> Task details:
Leaving the pictures out, print the lines from the first line of the listing through the line containing "Pajama Sets Women", exactly as they read, and no others.

> Information supplied:
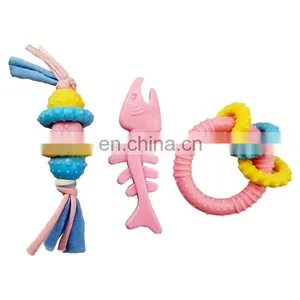 Soft Material Dog Chew Toy Combination Different Design Macaron Color thumbnail-1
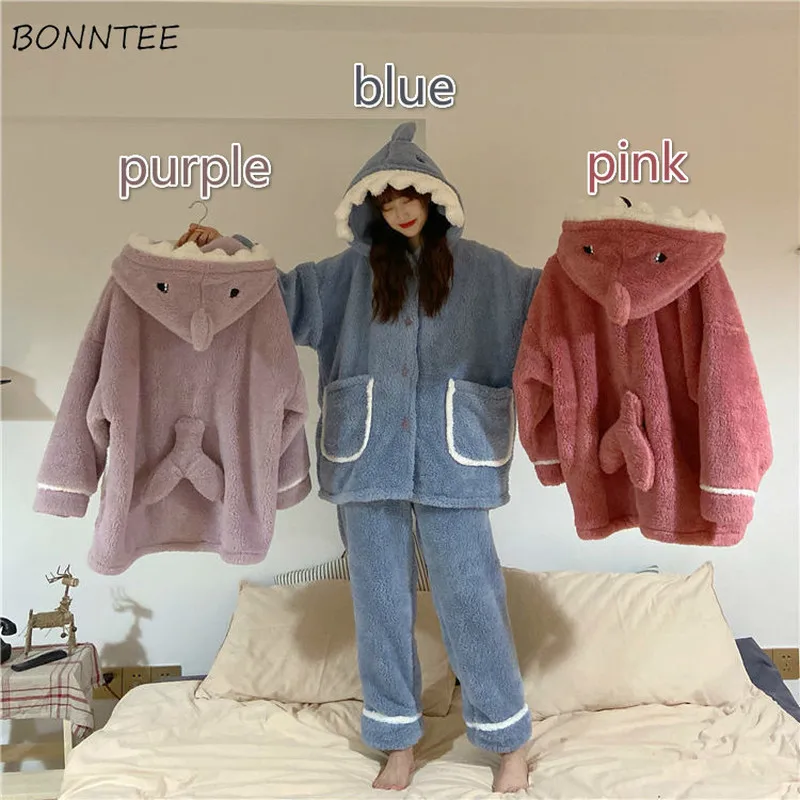 

Pajama Sets Women Sleepwear Oversize Dormit Ins Cute Winter Thicker Aesthetic Comfortable Homewear Lovely Sweet College Female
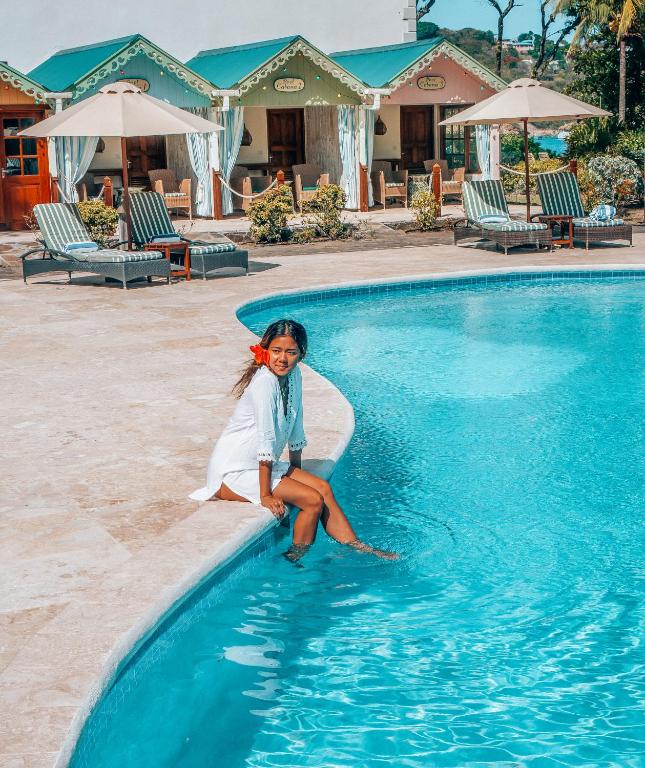 Bazén v ubytování Bequia Beach Hotel - Luxury Boutique Resort nebo v jeho okolí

> Problem solution:
 Soft Material Dog Chew Toy Combination Different Design Macaron Color thumbnail-1

Pajama Sets Women Sleepwear Oversize Dormit Ins Cute Winter Thicker Aesthetic Comfortable Homewear Lovely Sweet College Female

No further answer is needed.